Reputation: 16067
I'm currently reading xml balises from a file but I tried to reduce this to this simple example.
#!/usr/bin/perl
use strict;
use warnings;
my $str = '<tag x="20" y="7" x="15" z="14"/>';
if($str =~ /<tag.*(x|y|z)=\"(\d+)\".*(x|y|z)=\"(\d+)\".*(x|y|z)=\"(\d+)\".*\/>/){
print "$1-$2\n";
print "$3-$4\n";
print "$5-$6\n";
}
As I understand my regex, the first x
should match the first group, the first y
the third group and the second x
the fifth group.
So I expect as output:
x-20
y-7
x-15
But I get
y-7
x-15
z-14
Could someone explain what's happening here?
Upvotes: 0
Views: 44
Reputation: 57650
Instead of .*
use \s+
. Becasue you actually want to match multiple space characters. not multiple any characters.
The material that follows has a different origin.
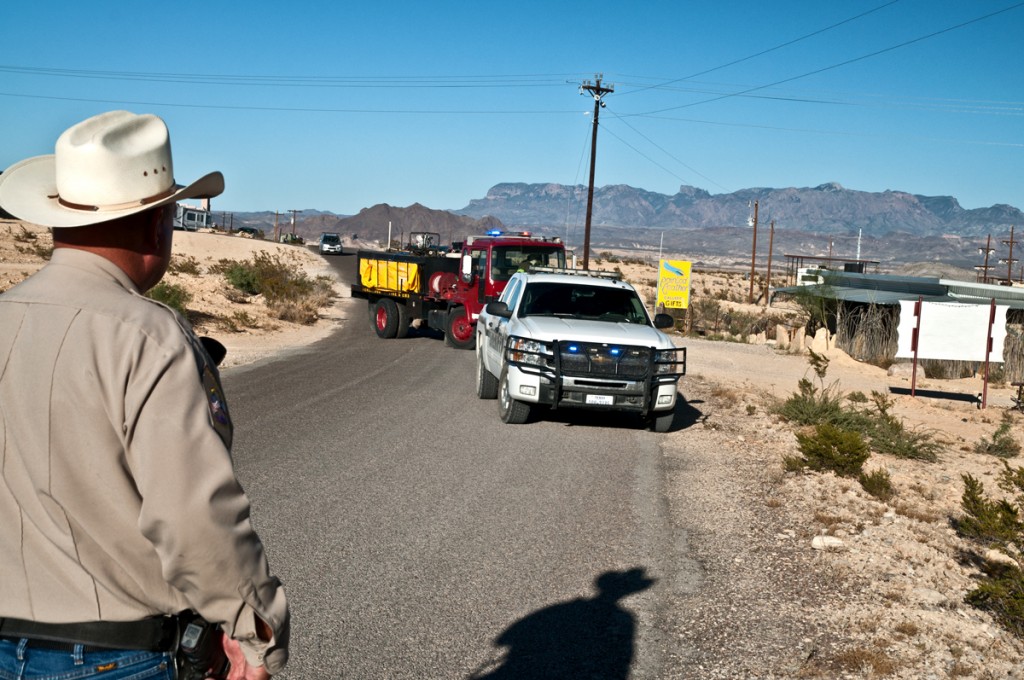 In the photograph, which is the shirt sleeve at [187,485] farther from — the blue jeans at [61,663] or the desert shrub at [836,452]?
the desert shrub at [836,452]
If this is really an assignment you should do it in a more proper way. And regular expression is not proper way for xml thing. As its assignment just write a parser. It easier than you think.
Upvotes: 1
Reputation: 50637
Use ?
to make *
, +
quantifiers non-greedy as these are greedy by default (ie. matching any char .
as much as possible)
$str =~ /<tag.*?(x|y|z)=\"(\d+)\".*?(x|y|z)=\"(\d+)\".*?(x|y|z)=\"(\d+)\".*\/>/
Upvotes: 1